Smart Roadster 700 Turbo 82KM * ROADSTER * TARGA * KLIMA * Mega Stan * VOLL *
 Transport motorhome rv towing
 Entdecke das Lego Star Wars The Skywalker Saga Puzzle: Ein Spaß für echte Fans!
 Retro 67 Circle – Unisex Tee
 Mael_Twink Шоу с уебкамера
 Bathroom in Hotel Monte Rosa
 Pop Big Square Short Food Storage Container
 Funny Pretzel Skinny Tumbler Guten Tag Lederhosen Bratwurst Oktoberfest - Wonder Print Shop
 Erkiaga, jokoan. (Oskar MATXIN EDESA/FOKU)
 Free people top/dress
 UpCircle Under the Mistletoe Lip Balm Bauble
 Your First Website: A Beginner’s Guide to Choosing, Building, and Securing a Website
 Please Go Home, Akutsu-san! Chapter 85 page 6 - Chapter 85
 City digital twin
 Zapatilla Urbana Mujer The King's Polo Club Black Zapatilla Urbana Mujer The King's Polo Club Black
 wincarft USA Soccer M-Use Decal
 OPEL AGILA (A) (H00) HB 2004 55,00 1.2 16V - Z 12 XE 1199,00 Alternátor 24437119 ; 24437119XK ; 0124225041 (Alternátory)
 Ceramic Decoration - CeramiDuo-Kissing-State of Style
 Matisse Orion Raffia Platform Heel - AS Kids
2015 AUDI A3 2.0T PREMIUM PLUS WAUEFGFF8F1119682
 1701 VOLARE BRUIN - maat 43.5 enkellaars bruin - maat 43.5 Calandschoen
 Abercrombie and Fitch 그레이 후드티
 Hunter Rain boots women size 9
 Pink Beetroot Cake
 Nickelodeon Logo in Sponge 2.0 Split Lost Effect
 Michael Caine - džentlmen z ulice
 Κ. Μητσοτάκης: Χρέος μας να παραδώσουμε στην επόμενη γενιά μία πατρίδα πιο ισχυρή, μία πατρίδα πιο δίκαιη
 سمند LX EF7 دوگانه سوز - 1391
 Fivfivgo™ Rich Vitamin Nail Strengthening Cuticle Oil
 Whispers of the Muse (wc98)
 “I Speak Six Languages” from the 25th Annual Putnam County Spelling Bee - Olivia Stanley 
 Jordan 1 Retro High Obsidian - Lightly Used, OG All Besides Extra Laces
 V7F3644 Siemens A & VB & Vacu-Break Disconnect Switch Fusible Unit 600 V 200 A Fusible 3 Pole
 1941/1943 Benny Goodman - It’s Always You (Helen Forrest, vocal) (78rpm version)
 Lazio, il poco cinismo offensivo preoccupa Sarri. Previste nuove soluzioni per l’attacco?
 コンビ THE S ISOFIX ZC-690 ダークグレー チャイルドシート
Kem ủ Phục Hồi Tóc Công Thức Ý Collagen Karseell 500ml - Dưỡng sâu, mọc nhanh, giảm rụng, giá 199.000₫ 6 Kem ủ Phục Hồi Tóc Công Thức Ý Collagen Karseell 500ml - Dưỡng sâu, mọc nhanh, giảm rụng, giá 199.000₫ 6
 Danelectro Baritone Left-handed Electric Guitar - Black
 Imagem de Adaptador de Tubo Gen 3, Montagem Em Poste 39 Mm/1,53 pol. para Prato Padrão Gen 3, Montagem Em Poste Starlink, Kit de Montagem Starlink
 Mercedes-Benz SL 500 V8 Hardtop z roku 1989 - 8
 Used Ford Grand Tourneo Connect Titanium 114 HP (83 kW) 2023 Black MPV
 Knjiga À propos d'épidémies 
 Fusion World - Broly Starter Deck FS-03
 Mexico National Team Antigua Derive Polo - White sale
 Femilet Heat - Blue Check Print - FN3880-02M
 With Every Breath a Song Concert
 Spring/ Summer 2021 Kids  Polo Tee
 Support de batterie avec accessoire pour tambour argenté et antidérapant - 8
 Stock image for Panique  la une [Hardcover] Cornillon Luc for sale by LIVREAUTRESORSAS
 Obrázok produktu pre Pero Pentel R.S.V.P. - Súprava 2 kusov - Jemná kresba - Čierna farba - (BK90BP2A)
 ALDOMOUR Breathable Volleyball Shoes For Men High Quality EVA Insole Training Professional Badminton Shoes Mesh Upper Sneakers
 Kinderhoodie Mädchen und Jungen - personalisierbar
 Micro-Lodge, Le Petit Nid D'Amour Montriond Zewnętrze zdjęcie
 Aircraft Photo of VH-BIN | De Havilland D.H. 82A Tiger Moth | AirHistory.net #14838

**Problem requirements:** Look in the material above for the line with "Entdecke das Lego" and the line with "Ceramic Decoration - CeramiDuo-Kissing-State", and transcribe exactly those lines and all lines between them, nothing more.

**Solution to this problem:**
 Entdecke das Lego Star Wars The Skywalker Saga Puzzle: Ein Spaß für echte Fans!
 Retro 67 Circle – Unisex Tee
 Mael_Twink Шоу с уебкамера
 Bathroom in Hotel Monte Rosa
 Pop Big Square Short Food Storage Container
 Funny Pretzel Skinny Tumbler Guten Tag Lederhosen Bratwurst Oktoberfest - Wonder Print Shop
 Erkiaga, jokoan. (Oskar MATXIN EDESA/FOKU)
 Free people top/dress
 UpCircle Under the Mistletoe Lip Balm Bauble
 Your First Website: A Beginner’s Guide to Choosing, Building, and Securing a Website
 Please Go Home, Akutsu-san! Chapter 85 page 6 - Chapter 85
 City digital twin
 Zapatilla Urbana Mujer The King's Polo Club Black Zapatilla Urbana Mujer The King's Polo Club Black
 wincarft USA Soccer M-Use Decal
 OPEL AGILA (A) (H00) HB 2004 55,00 1.2 16V - Z 12 XE 1199,00 Alternátor 24437119 ; 24437119XK ; 0124225041 (Alternátory)
 Ceramic Decoration - CeramiDuo-Kissing-State of Style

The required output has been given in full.